Short review: S. Berthoz, J.L. Armony, R.J.R. Blair, R.J. Dolan, An fMRI study of intentional and unintentional (embarassing) violations of social norms, Brain, 2002, Vol. 125, pp. 1696-1708.

Short review:

S. Berthoz, J.L. Armony, R.J.R. Blair, R.J. Dolan, An fMRI study of intentional and unintentional (embarassing) violations of social norms, Brain, 2002, Vol. 125, pp. 1696-1708.

1. Summary

(a)    Theses:

Thesis 1: Brain regions involved in the representation of the mental state of others (medial prefrontal cortex, temporo-parietal regions, temporal lobe) are activated during situations of violation of social norms.

Thesis 2: Processing social violations involves structures (lateral orbitofrontal and medial prefrontal cortices) associated with the representation of aversive emotional reactions in others, particularly others’ anger.

(b)   Experimental setting:

Experiment 1: Four types of a personal (the story protagonist is ‘you’) and impersonal verbal material (the story protagonist is a character) were presented to the participants: (1) description of normal behaviour; (2) description of an embarassing situation for the story protagonist (unintentional transgression of the social norm); (3) description of a situation where the story protagonist’s behaviour is a violation of social norms (intentional transgression); (4) sentences of ‘unrelated words’. The participants were asked to rate: (1) how embarassing they thought the situation is; (2) how inappropriate they thought the behaviour is; (3) how funny they thought the story is. No difference between the personal and impersonal ratings was found.

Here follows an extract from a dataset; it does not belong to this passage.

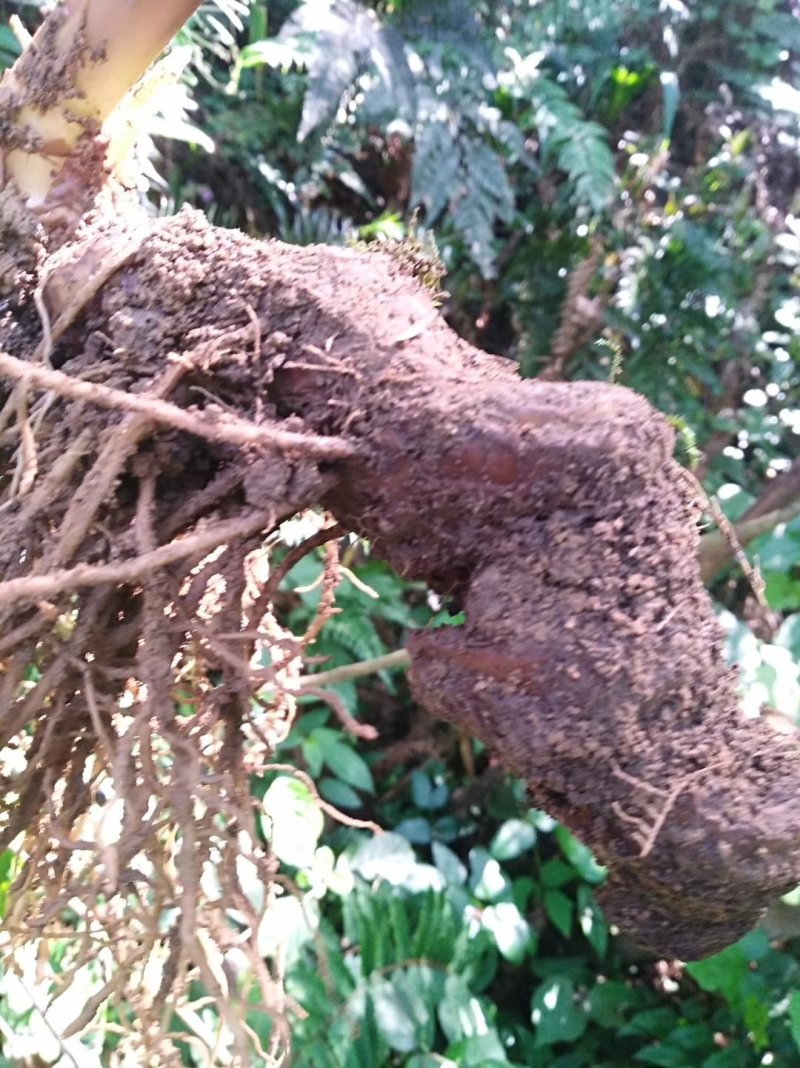 贵州野生华重楼（九道枯）鲜货大量购销黑花重楼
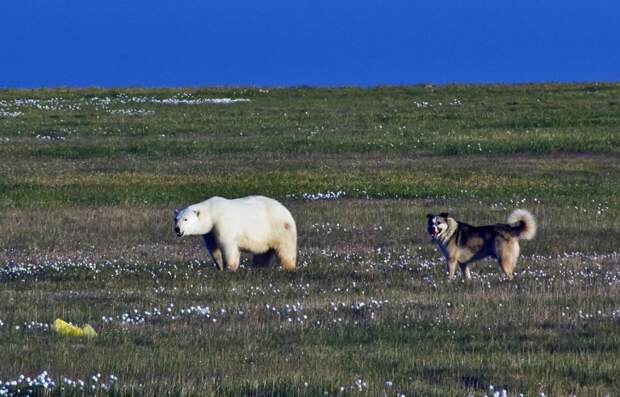Боцман против белых медведей. Дворняга установила свои законы в Арктике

Experiment 2: Normal stories were used as a reference condition to measure the activity of brain regions. Both violation of social norms and embarassing stories activated left medial, middle and inferior prefrontal gyrus, left orbitofrontal cortex, anterior and middle temporal lobe.

2. Critical comments

1)      The results doesn’t show, were there any differences in brain activity, when participants were dealing with personal and impersonal stories. This seems to be important because we can assume that personal violations of the social norms (both intentional and unintentional) can trigger increased activity in brain regions involved with representation of aversive emotional reactions in others as compared to the impersonal violations.

2)      The personal/impersonal distinction of the stories is questionable as experimental scenarios seem to describe situations where the action of the protagonist is rather voluntary or involuntary. Intentionality is only an element of voluntariness (others being: ability to recognize the important chararacteristics of the action, ability to control the action).